• [WORK TO COMPLETE] Retype, exactly and with both ends included, the lines below from the one containing "Nike Air Force 1 NOVO" through the end; omit the pictures.

• [GIVEN INFORMATION]
========================

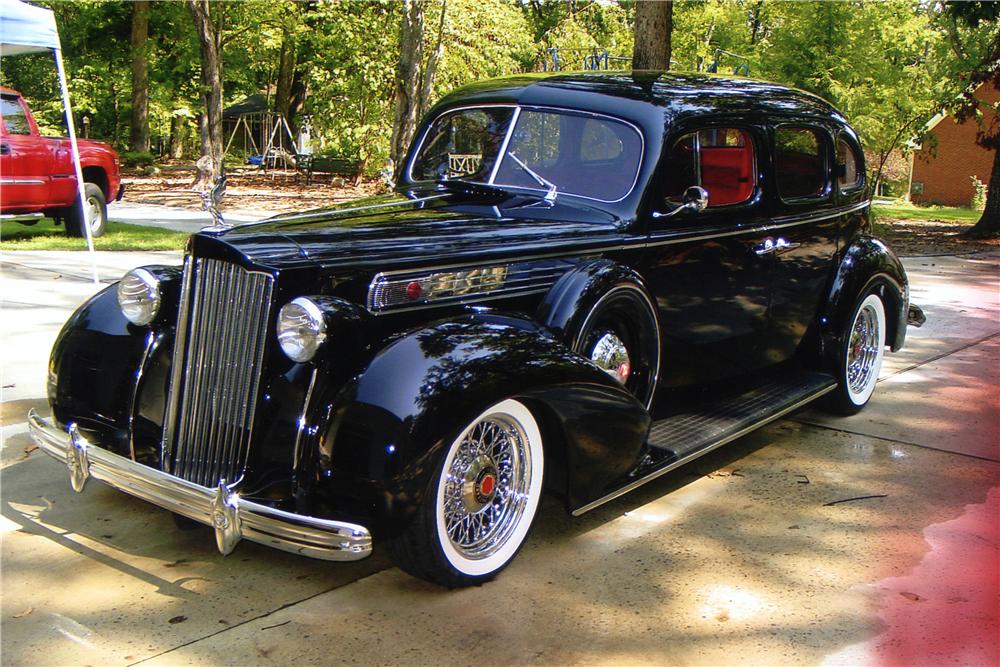 1939 PACKARD SENIOR 127 CUSTOM 4 DOOR SEDAN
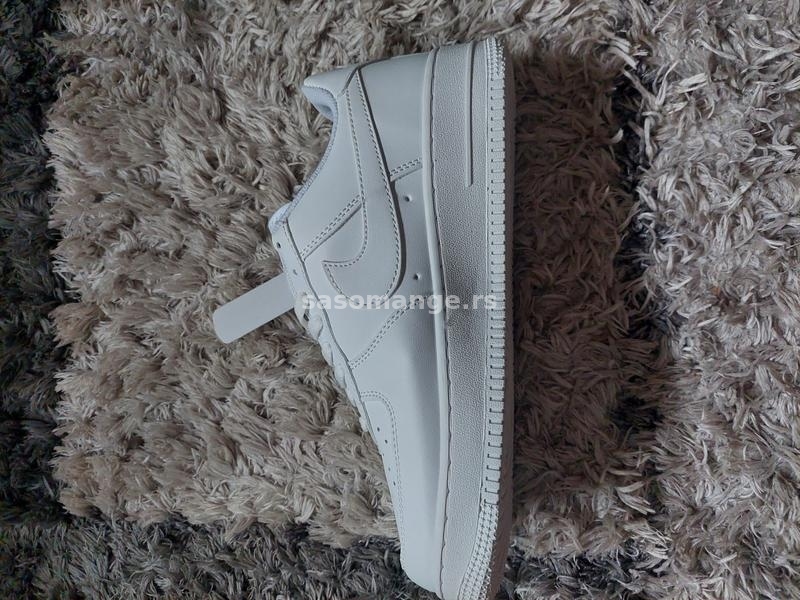 Nike Air Force 1 NOVO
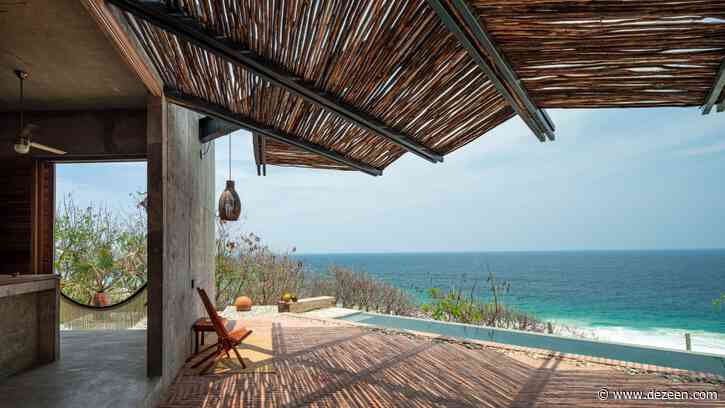 Espacio 18's La Casa del Sapo opens out onto a beach in Mexico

========================

• [EXERCISE RESULT]
 Nike Air Force 1 NOVO
 Espacio 18's La Casa del Sapo opens out onto a beach in Mexico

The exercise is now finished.